For our extensions, the necessary binding code spans only four lines:
PYBIND11_MODULE(TORCH_EXTENSION_NAME, m) {
m.def("forward", &lltm_forward, "LLTM forward");
m.def("backward", &lltm_backward, "LLTM backward");
}
One bit to note here is the macro TORCH_EXTENSION_NAME
. The torch extension
build will define it as the name you give your extension in the setup.py
script. In this case, the value of TORCH_EXTENSION_NAME
would be 《lltm_cpp》.
This is to avoid having to maintain the name of the extension in two places
(the build script and your C++ code), as a mismatch between the two can lead to
nasty and hard to track issues.
Using Your Extension¶
We are now set to import our extension in PyTorch.
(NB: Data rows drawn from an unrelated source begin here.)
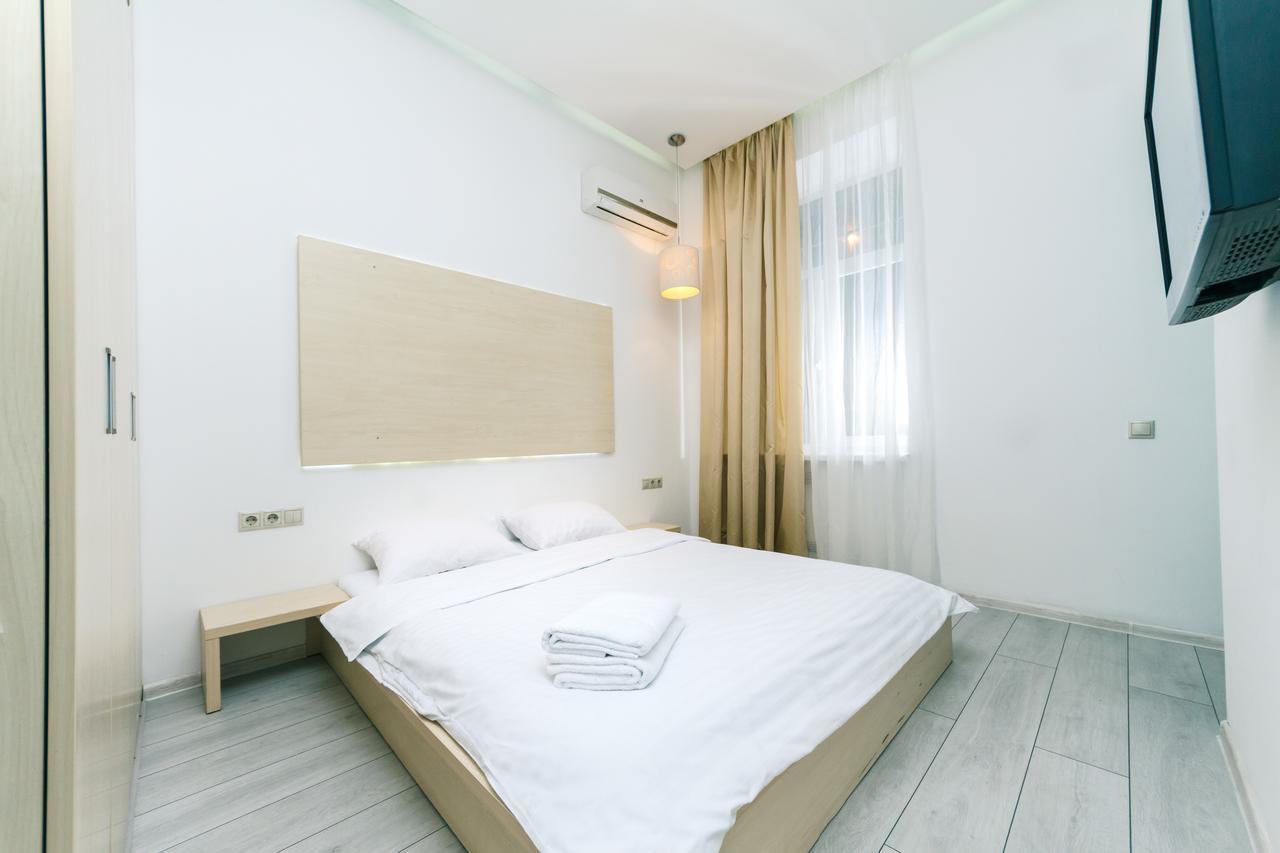 Kreschatik 21 With Terrace 2Br Киев Экстерьер фото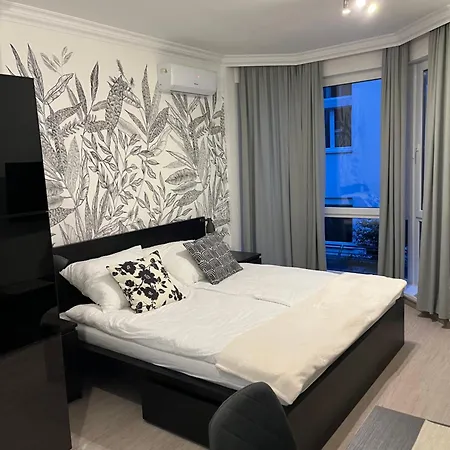 Ildiko's 2 Bedroom Cosy דירה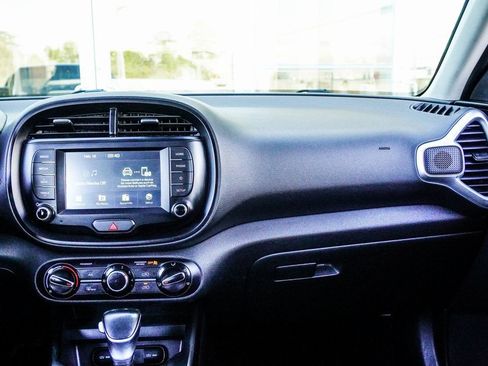 Used 2021 Kia Soul GT-Line FWD image 16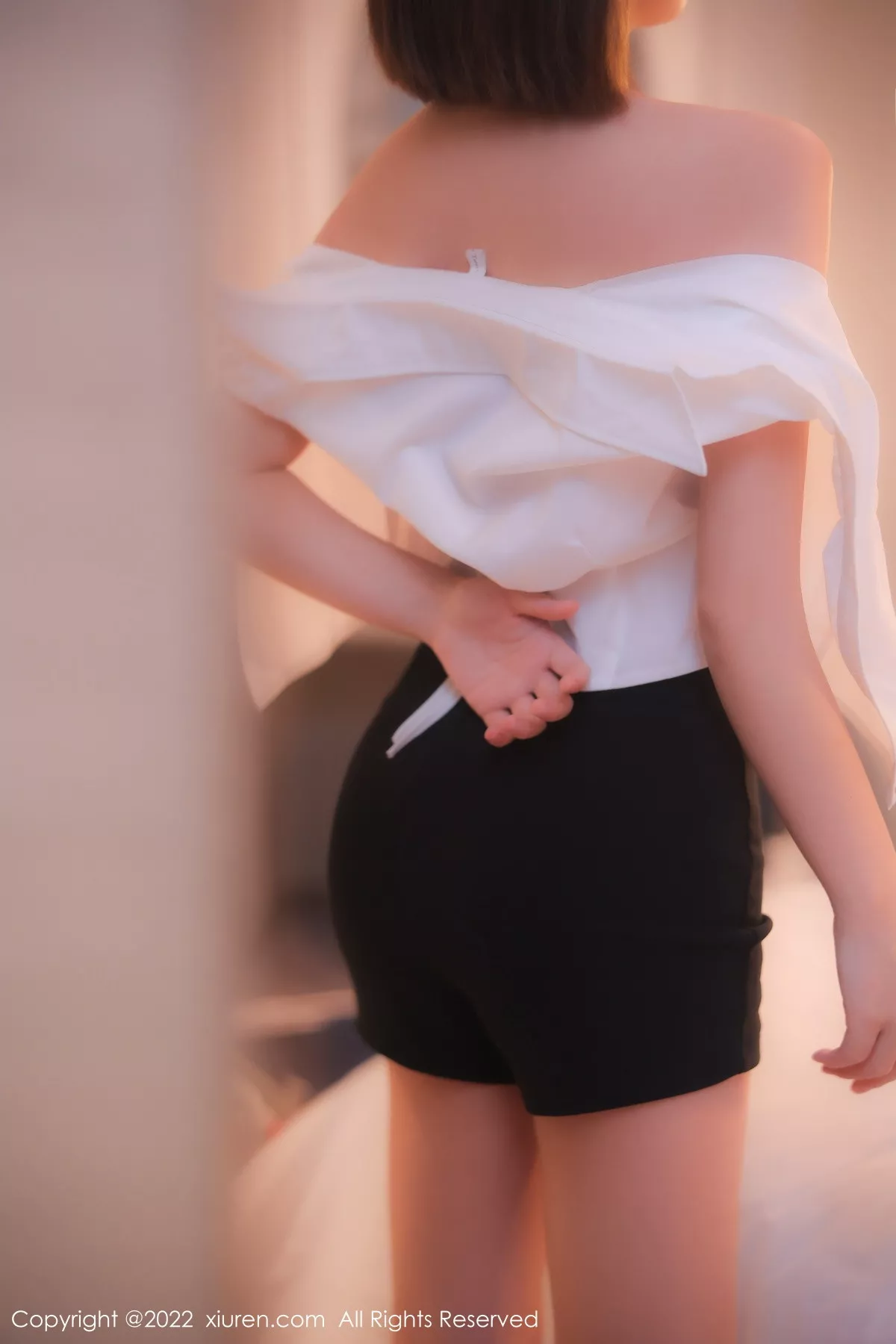 秀人集.com_[XiuRen秀人网]No.5702_新人模特美羊羊宾馆里性感白T配黑短裤露性感薄纱内衣诱惑写真88P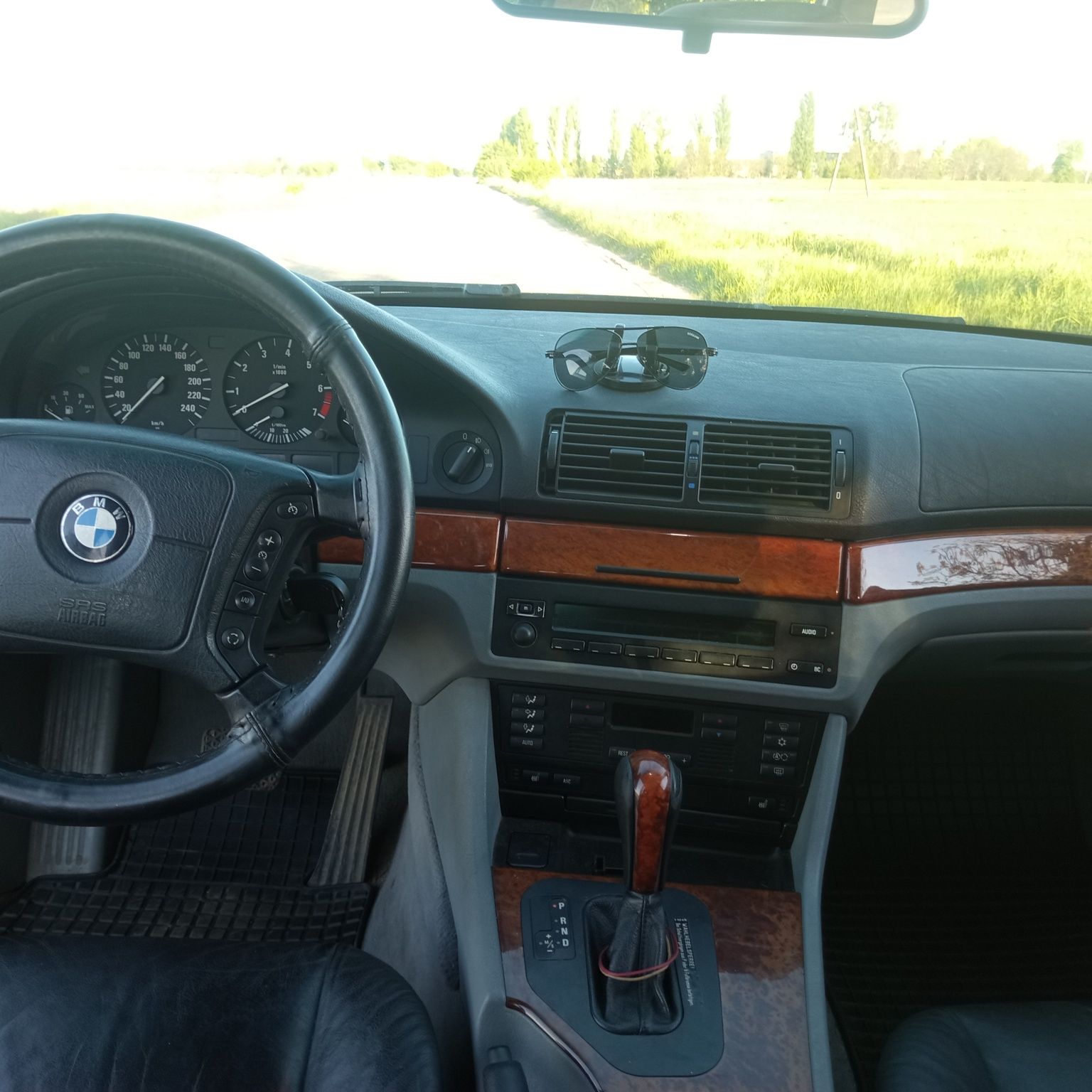 BMW  5 серії е39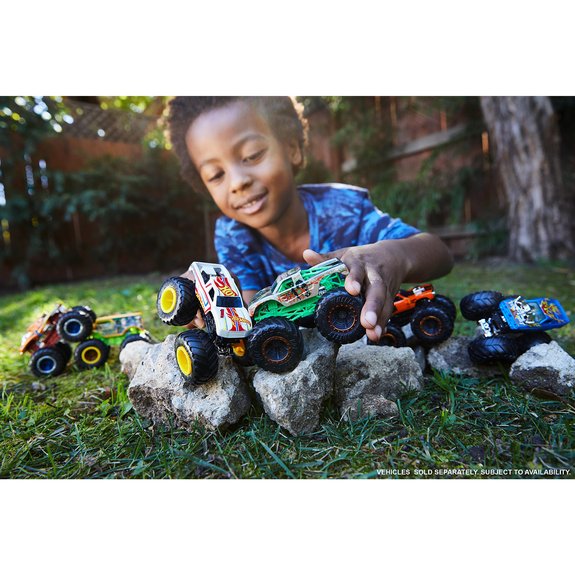 Monster Trucks Double Demolition Hot Wheels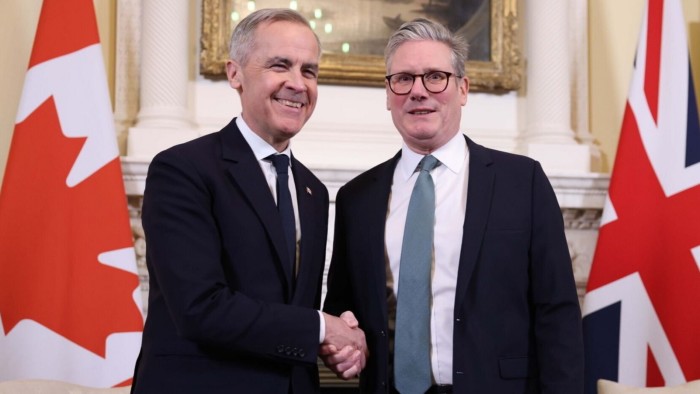 Mark Carney, Canada’s prime minister, and Keir Starmer, UK prime minster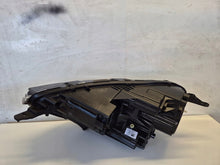 Laden Sie das Bild in den Galerie-Viewer, Frontscheinwerfer Ford Ecosport MN15-13E014-GB Links Scheinwerfer Headlight SCH1867553121dj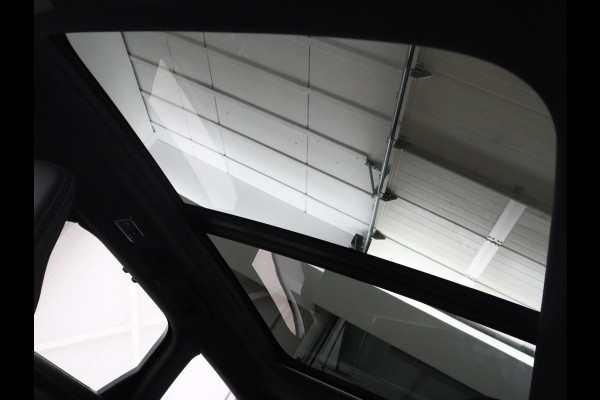 Volvo V90 2.0 B4 R-Design | Panoramadak | Leder | Stuur/stoelverwarming | Trekhaak | harman/kardon | Head-up | Adaptive cruise | 360 camera | Full LED |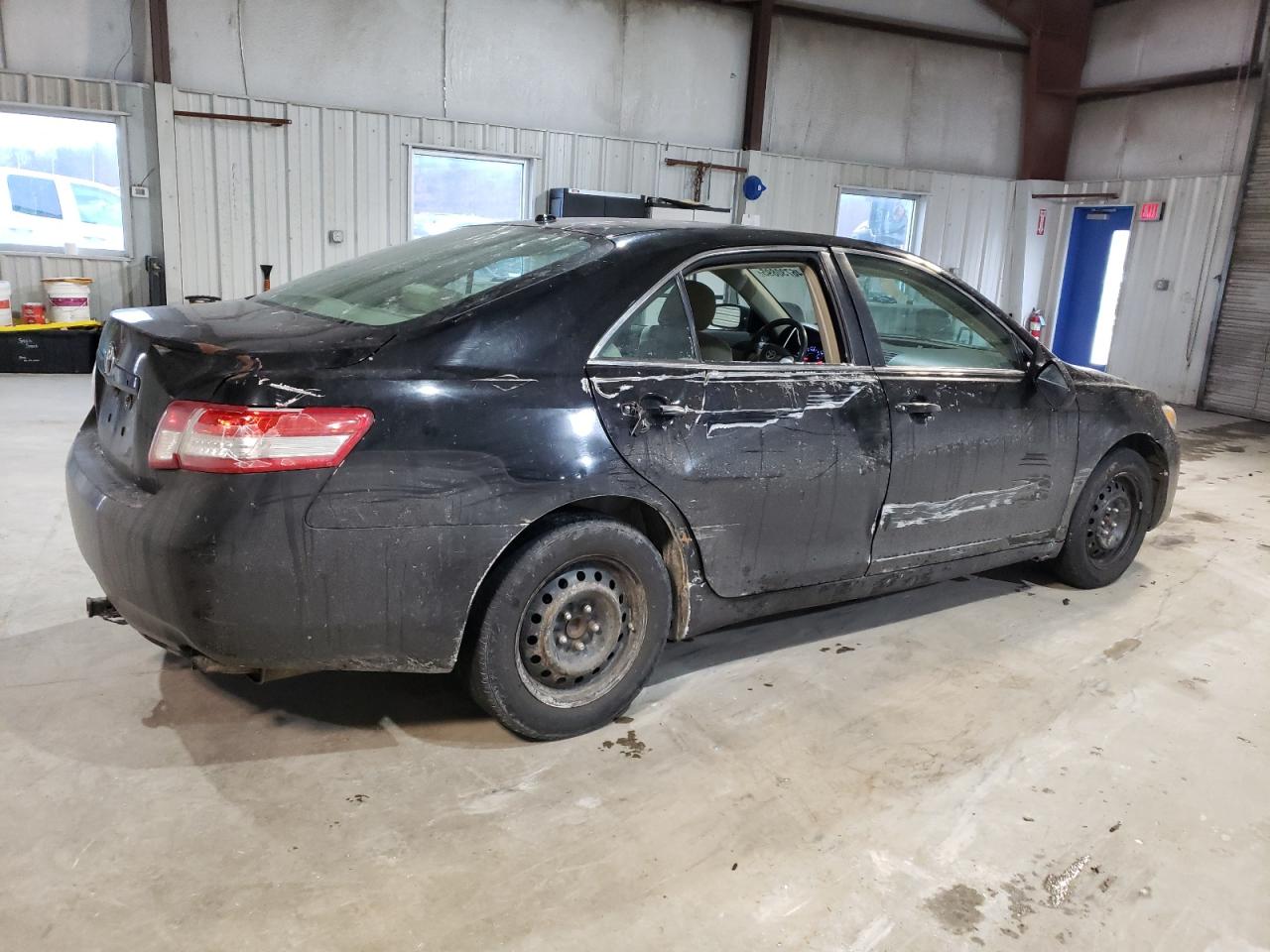 2010 Toyota Camry - Image 3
At this point, your directory structure could look something like this:
pytorch/
lltm-extension/
lltm.cpp
setup.py
Now, run python setup.py install
to build and install your extension. This
should look something like this:
running install
running bdist_egg
running egg_info
creating lltm_cpp.egg-info
writing lltm_cpp.egg-info/PKG-INFO
writing dependency_links to lltm_cpp.egg-info/dependency_links.txt
writing top-level names to lltm_cpp.egg-info/top_level.txt
writing manifest file 'lltm_cpp.egg-info/SOURCES.txt'
reading manifest file 'lltm_cpp.egg-info/SOURCES.txt'
writing manifest file 'lltm_cpp.egg-info/SOURCES.txt'
installing library code to build/bdist.linux-x86_64/egg
running install_lib
running build_ext
building 'lltm_cpp' extension
creating build
creating build/temp.linux-x86_64-3.7
gcc -pthread -B ~/local/miniconda/compiler_compat -Wl,--sysroot=/ -Wsign-compare -DNDEBUG -g -fwrapv -O3 -Wall -Wstrict-prototypes -fPIC -I~/local/miniconda/lib/python3.7/site-packages/torch/include -I~/local/miniconda/lib/python3.7/site-packages/torch/include/torch/csrc/api/include -I~/local/miniconda/lib/python3.7/site-packages/torch/include/TH -I~/local/miniconda/lib/python3.7/site-packages/torch/include/THC -I~/local/miniconda/include/python3.7m -c lltm.cpp -o build/temp.linux-x86_64-3.7/lltm.o -DTORCH_API_INCLUDE_EXTENSION_H -DTORCH_EXTENSION_NAME=lltm_cpp -D_GLIBCXX_USE_CXX11_ABI=1 -std=c++11
cc1plus: warning: command line option ‘-Wstrict-prototypes’ is valid for C/ObjC but not for C++
creating build/lib.linux-x86_64-3.7
g++ -pthread -shared -B ~/local/miniconda/compiler_compat -L~/local/miniconda/lib -Wl,-rpath=~/local/miniconda/lib -Wl,--no-as-needed -Wl,--sysroot=/ build/temp.linux-x86_64-3.7/lltm.o -o build/lib.linux-x86_64-3.7/lltm_cpp.cpython-37m-x86_64-linux-gnu.so
creating build/bdist.linux-x86_64
creating build/bdist.linux-x86_64/egg
copying build/lib.linux-x86_64-3.7/lltm_cpp.cpython-37m-x86_64-linux-gnu.so -> build/bdist.linux-x86_64/egg
creating stub loader for lltm_cpp.cpython-37m-x86_64-linux-gnu.so
byte-compiling build/bdist.linux-x86_64/egg/lltm_cpp.py to lltm_cpp.cpython-37.pyc
creating build/bdist.linux-x86_64/egg/EGG-INFO
copying lltm_cpp.egg-info/PKG-INFO -> build/bdist.linux-x86_64/egg/EGG-INFO
copying lltm_cpp.egg-info/SOURCES.txt -> build/bdist.linux-x86_64/egg/EGG-INFO
copying lltm_cpp.egg-info/dependency_links.txt -> build/bdist.linux-x86_64/egg/EGG-INFO
copying lltm_cpp.egg-info/top_level.txt -> build/bdist.linux-x86_64/egg/EGG-INFO
writing build/bdist.linux-x86_64/egg/EGG-INFO/native_libs.txt
zip_safe flag not set; analyzing archive contents...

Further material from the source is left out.